11. N-Queens#
11.1. Bitwise Operators in Python#
One can get the binary string for an integer using f-strings.
>>> f"1:b"
1
>>> f"2:b"
10
>>> f"3:b"
11
>>> f"4:b"
100
>>> f"9:b"
1001
When reading the binary representation, start from the right. So,
1001 is 1 + 8.
There are several bitwise operators in python. Here are some examples for the and and or operators.

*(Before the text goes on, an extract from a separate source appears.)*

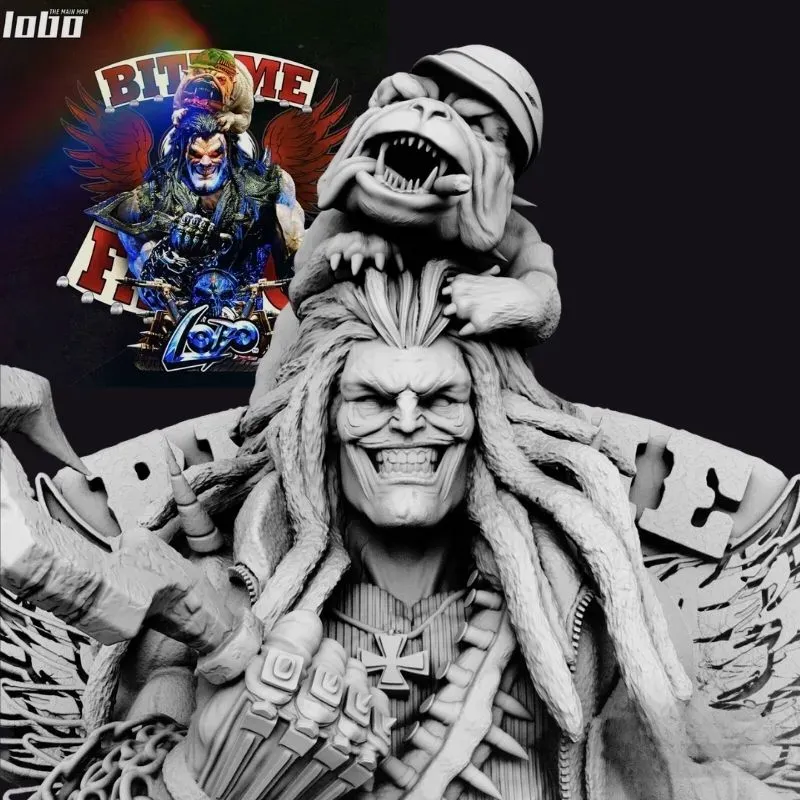 Lobo – DC Bounty Hunter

>>> x = 3; print(f"{x:b}")
'11'
>>> y = 5; print(f"{y:b}")
'101'
>>> f"x|y : {x|y} : {x|y:b}"
'x|y : 7 : 111'
>>> f"x&y : {x&y} : {x&y:b}"
'x&y : 1 : 1'
The operators are for shifting bits left and right: x << y shifts
x’s bits to the left by y places, and x << y shifts
x’s bits to the right by y places.
>>> x = 3; print(f"{x:b}")
'11'
>>> f"{x << 1:b}"
'110'
>>> f"{x << 2:b}"
'1100'
>>> f"{x >> 1:b}"
'1'
>>> f"{x >> 2:b}"
'0'
11.2. Solving N-Queens in a Functional Way#
In the cpython testing suite, there is a class for solving the N-Queens problem
called Queens.
class Queens:
def __init__(self, n):
self.n = n
rangen = range(n)
# Assign a unique int to each column and diagonal.
# columns: n of those, range(n).
# NW-SE diagonals: 2n-1 of these, i-j unique and invariant along
# each, smallest i-j is 0-(n-1) = 1-n, so add n-1 to shift to 0-
# based.
# NE-SW diagonals: 2n-1 of these, i+j unique and invariant along
# each, smallest i+j is 0, largest is 2n-2.
# For each square, compute a bit vector of the columns and
# diagonals it covers, and for each row compute a function that
# generates the possibilities for the columns in that row.
self.rowgenerators = []
for i in rangen:
rowuses = [(1 << j) | # column ordinal
(1 << (n + i-j + n-1)) | # NW-SE ordinal
(1 << (n + 2*n-1 + i+j)) # NE-SW ordinal
for j in rangen]
def rowgen(rowuses=rowuses):
for j in rangen:
uses = rowuses[j]
if uses & self.used == 0:
self.used |= uses
yield j
self.used &= ~uses
self.rowgenerators.append(rowgen)
# Generate solutions.
def solve(self):
self.used = 0
for row2col in conjoin(self.rowgenerators):
yield row2col
def printsolution(self, row2col):
n = self.n
assert n == len(row2col)
sep = "+" + "-+" * n
print(sep)
for i in range(n):
squares = [" " for j in range(n)]
squares[row2col[i]] = "Q"
print("|" + "|".join(squares) + "|")
print(sep)
Let us talk through how this code works. The constructor has the argument
n which is the size of the board. A list called rowgenerators
is then created which stores the columns, and diagonals that are covered by
each square. The columns/diagonals covered by each square are stored as a
binary strings created in the rowuses list comprehension.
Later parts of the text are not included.